4A’s Sisters Lupus Club in Lafayette Louisiana would like to honor and recognize
Meet Tenika NiNi Avila . She was diagnosed with Lupus on Dec. 19th, 2004 at 16 years old. In the beginning, the symptoms she experience were rash on her ears, lack of energy, popped blood vessels on her fingers & toes, extreme fatigue, swollen joints, & photosensitivity.

All of those symptoms she experience while her family & her were traveling across the country from California to Georgia.

Although, it took the doctors four months to diagnose her Lupus. Lupus helps her grow emotionally, by physically, & spiritually every day.

Each year she learns something new about Lupus on how to control and manage it.

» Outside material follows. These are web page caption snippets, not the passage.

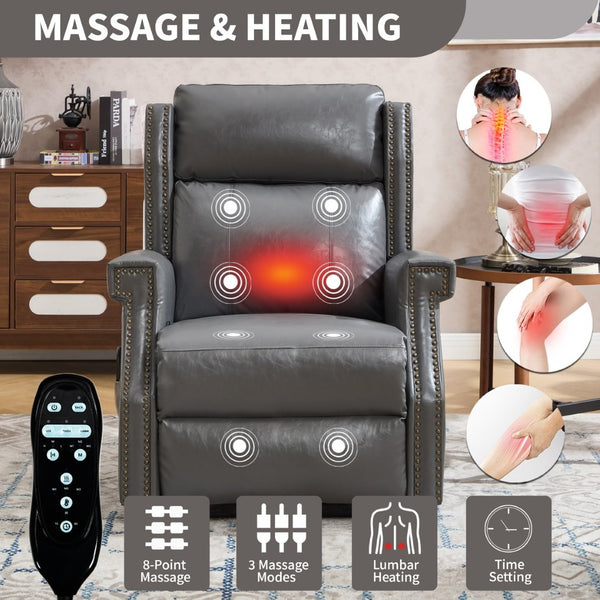 English Elm Emon's Overstuffed Chenille Power Lift Recliner with Massage Heat and Charging Ports Grey W1803S00088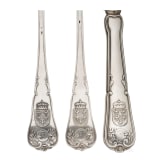 Kaiser-Huldigungs-Festschie&szlig;en der nieder&ouml;sterr. Sch&uuml;tzenvereine 1910 - dreiteiliges Silberbesteck in Etui als Ehrenpreis
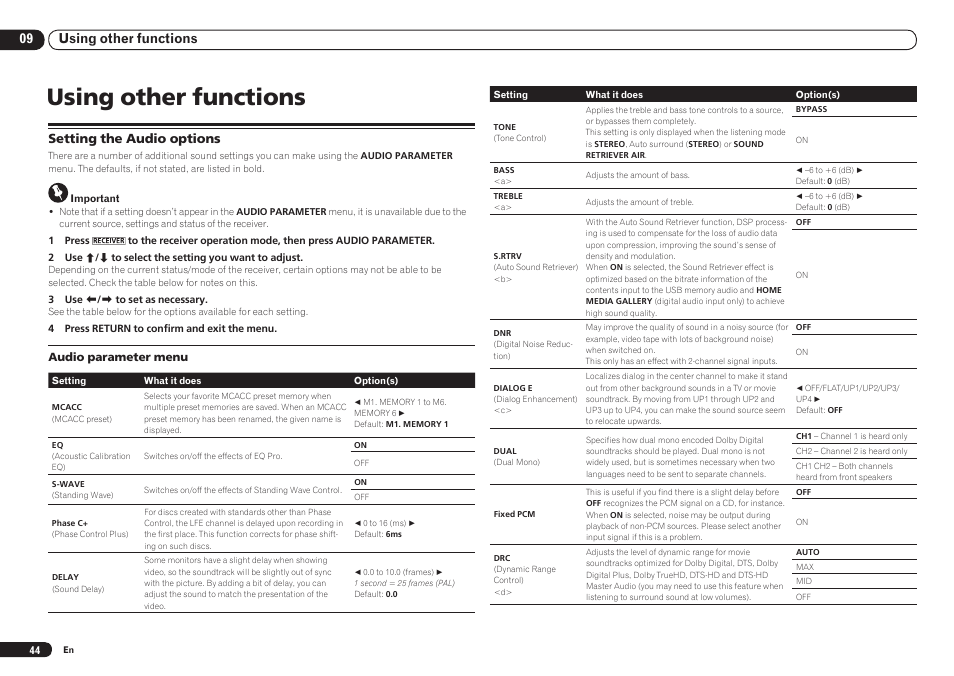 Setting the audio options, Using other functions, 09 using other functions | Pioneer VSX-921 User Manual | Page 44 / 92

Tenika is very thankful and blessed to have an amazing support group of GOD, family, and friends to help through her challenging days of Lupus.

PS: show your 💕

4A’s Sister Lupus Club Warrior of the Week

4A’s Sisters Lupus Club of Lafayette La. would like to honor this week. She’s Farrah McGhee Rahshandaa Pierson and lives in a small town called McCormick, South Carolina. She’s a single parent to a beautiful 13 year old daughter, Brieannah. She obtained her Bachelors’s degree in Psychology from University of Houston. Currently retired from (VA) Veterans Affairs, as an Administrative Assistant and have over 20 years in the medical field. Her lupus journey began when she was 21 years old, she began having symptoms. After many years of seeing various doctors, Rahshandaa was finally diagnosed in 2017. Upon her diagnosis, she knew she didn’t want to live the rest of her life with this disease. She wanted to find a cure. Because lupus was a disease not known by many people, she became an Advocate and began promoting lupus awareness; by posting on social media and and attending lupus walks. She knew that finding a cure for lupus would have to be in a collective effort, so after seeing an advertisement, for the first lupus Greek lettered sorority, (Lambda Sigma Sigma Lupus Sorority, Inc., founded August 13, 2018, by 20+ year lupus survivor LaCasha Lee of Chicago, IL) she decided to join. Rahshandaa officially became a member of the 2021 Winter Class, along with 10 other women, who have not only dedicated themselves to promoting lupus awareness, advocacy and education, but also a sisterhood! They don’t call themselves Lupus Warriors, we refer to ourselves as Lupus Soldiers, because they are on the battlefield, to find a cure. As a Lupus Soldier, she don’t let lupus stop her. She fights lupus daily and sometimes it knocks her down, but, she gets right back up! She has a daughter to raise and long life to enjoy! And plans to do just that! PS: Let’s show our love ❤️!